6.3 Nutrition: Of women in the preconception period, during pregnancy and the breastfeeding period
Secretariat note
At the request of a Member State, a report has been prepared to illustrate the impact on maternal health of nutrition issues experienced in the preconception period, and during pregnancy and breastfeeding, and the consequences for infant health. The Board is invited to consider the suggested responses, and the report as a whole, in conjunction with its consideration of the comprehensive implementation plan on maternal, infant and young child nutrition.
- Document EB130/11: Nutrition of women in the preconception period, during pregnancy and the breastfeeding period
- See also Document EB130/10: Maternal, infant and young child nutrition: draft comprehensive implementation plan
Watchers' notes of EB discussion
See report under item 6.03, Infant Nutrition
PHM Comment
The document EB 130/11 gives an adequate background of the problem, fairly comprehensive. Together with the document EB 130/10, which contains the Draft Comprehensive Implementation Plan on Maternal, Infant and Young Child Nutrition, interventions to improve nutrition clearly include action in sectors other than health, such as social and economic interventions, agriculture, environment, maternity protection laws, amongst others.

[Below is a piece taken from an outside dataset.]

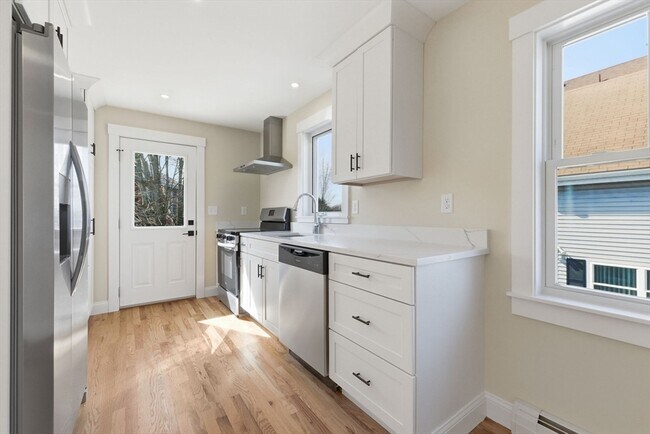 Building Photo - 20 Beacon St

The Draft Implementation Plan, under its Actions section, states that Member States should strengthen their health systems, promote universal coverage and principles of primary health care (para 37) in order to include all required effective health interventions with an impact on nutrition in national nutrition plans. This is appreciated.
However, the wider set of determinants which shape nutrition and that are constantly challenging the implementation of many of the proposed interventions, such as the International Code on Breast Milk Substitutes, is not approached in this document. From a PHM perspective, definite issues such as food trade need to be explicitly addressed, because trade agreements are at the origin of food insecurity.